Anthony Tudor St John, 22nd Baron St John of Bletso (born 16 May 1957) is a British peer, politician, businessman and solicitor. He is one of the ninety hereditary peers elected to remain in the House of Lords after the House of Lords Act 1999.  He speaks on African affairs (and is a notable expert on Southern Africa), deregulation, financial services and information technology.  Rather than aligning with a particular political party, he remains a crossbencher.

Life and career
Born to Andrew St John, 21st Baron St John of Bletso, he succeeded to his father's titles in 1978. He was educated at the University of Cape Town, where he graduated with a Bachelor of Arts and Bachelor of Science, and at the University of South Africa, where he graduated with a Bachelor of Laws. He was further educated at the London School of Economics and received a Master of Laws. Lord St John took his seat in the House of Lords in 1979.

Between 1985 and 2002, he worked as an oil analyst at County NatWest Securities and then Smith New Court Plc and thereafter served as a consultant to Merrill Lynch until 2008. He built up the Internet Datacentre business of Globix Corporation in the UK and then became President of Global Sales and Marketing for the International Group. Between 2004 and 2012, he was Non-Executive Chairman of Spiritel Plc, a telecommunications service provider and served as a Non-Executive Director at Sharp Interpak, WMRC and Pecaso. He has also been on the Advisory Board of Infinity SDC and Chayton Capital with the focus on agriculture and business opportunities in Africa. His company, African Business Solutions, assists International companies seeking to invest in Africa specifically in infrastructure, broadband, financial services and renewable energy. He currently serves as Chairman and Non-Executive Director of several listed and un-listed companies.

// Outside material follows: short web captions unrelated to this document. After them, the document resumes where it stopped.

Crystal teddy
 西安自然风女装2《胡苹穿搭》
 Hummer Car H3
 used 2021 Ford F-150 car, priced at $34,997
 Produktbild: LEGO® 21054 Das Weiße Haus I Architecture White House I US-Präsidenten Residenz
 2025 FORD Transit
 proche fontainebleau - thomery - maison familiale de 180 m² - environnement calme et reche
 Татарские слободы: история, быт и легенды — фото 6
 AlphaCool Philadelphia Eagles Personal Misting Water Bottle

Since 1998 Lord St John has served as an extra Lord-in-Waiting to HM The Queen. He has recently served on the House of Lords Communications Select Committee and the Ad hoc select committee on artificial intelligence. He is currently Vice Chairman of the All Party Parliamentary Africa Group, Zimbabwe group and South Africa group as well as the endangered species group.  He served as Chairman of the charity, Citizens Online from 2001 to 2008. He is currently a trustee of Christel House Europe and trustee emeritus of Alexandra Rose Charities, Tusk Trust and Television Trust for the environment.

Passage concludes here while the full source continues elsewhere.